DORRANCE — With afternoon temperatures hovering near the century mark, farmers almost have been able to head to the field soon after they’re finished with breakfast.
And with abundant rains over much of the area earlier this spring, the bounty they’ve been getting has been top-notch.
On Tuesday, a pair of John Deere combines worked their way through a field of wheat planted by the Kirk Brown farm of Russell. The combines in the field a little more than a mile east of Dorrance were transferring the golden kernels first into a grain cart and then into a pair of waiting semis.
Yields have been strong enough to keep the truck drivers busy.
“Doing good,” driver Terry Schmeidler, Walker, said of the wheat as he uncovered the hopper on his truck just prior to pulling onto the scale at the United Ag elevator in Dorrance. “Right at 63.”
As in 63 bushels per acre, he said, a good crop in almost anyone’s book — again thanks to the rains earlier this year.
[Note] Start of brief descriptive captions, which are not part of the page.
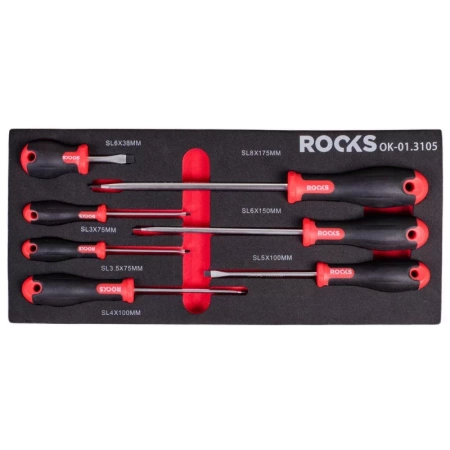 Zestaw wkrętaków płaskich 7 cz
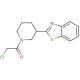 2-[1-(chloroacetyl)piperidin-3-yl]-1,3-benzothiazole - chemical structure image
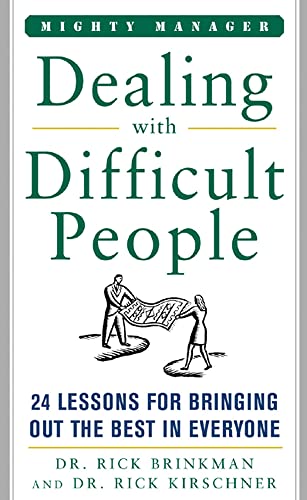 Stock image for Dealing With Difficult People for sale by Books From California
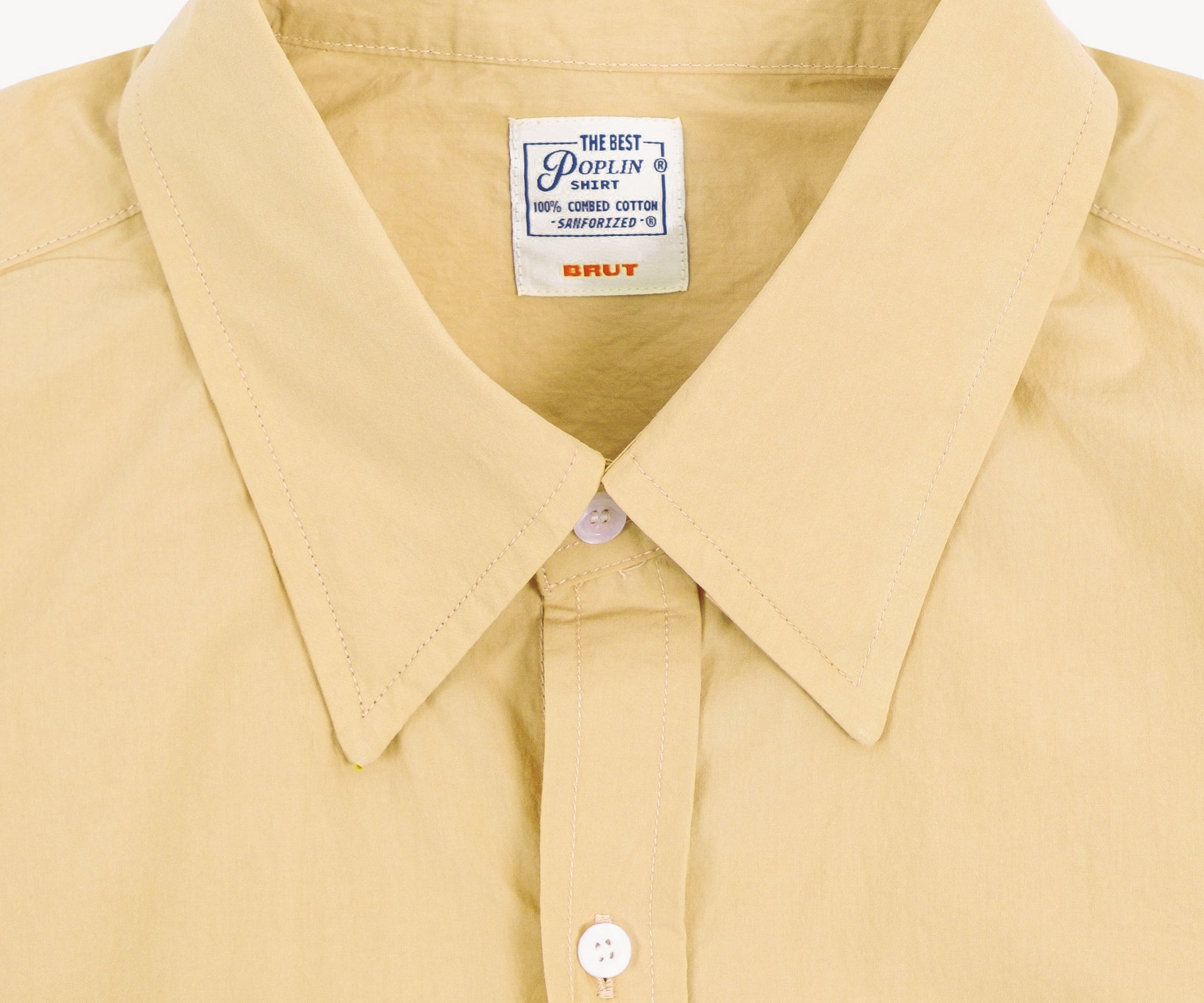 THE BEST POPLIN SHIRT Shirts X-SMALL / YELLOW - BRUT Clothing US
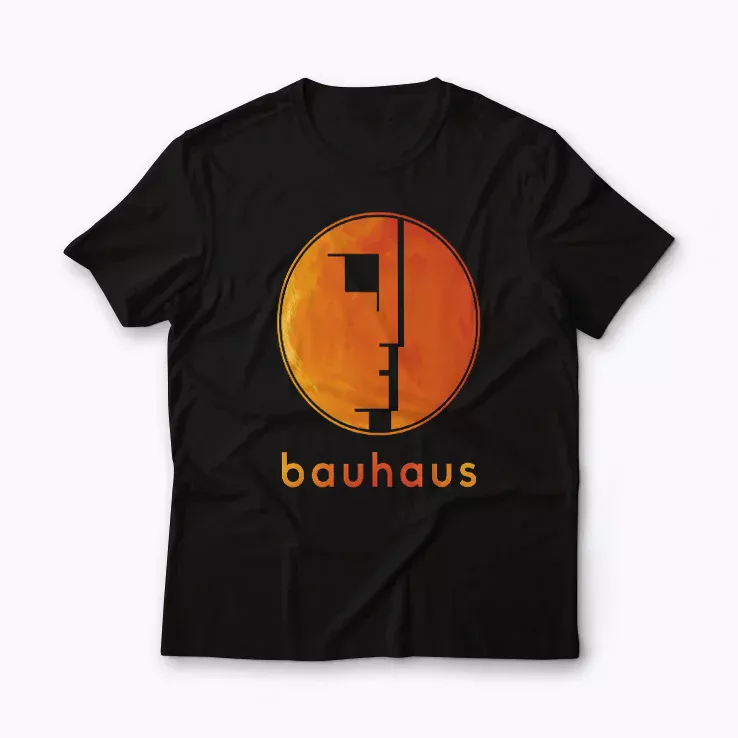 Bauhaus band merch T-shirt featuring iconic band imagery.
That was the readout on the combine, he said, which normally fluctuates as operators make their way through a field of wheat.
The Kansas wheat harvest is spreading like wildfire in the summer’s heat and has made its way west of Hays. Some farmers now are wrapping up in south-central Kansas.
For the most part, the Kansas Wheat Commission — in its brief daily harvest reports — said yields have been running better than most farmers were expecting.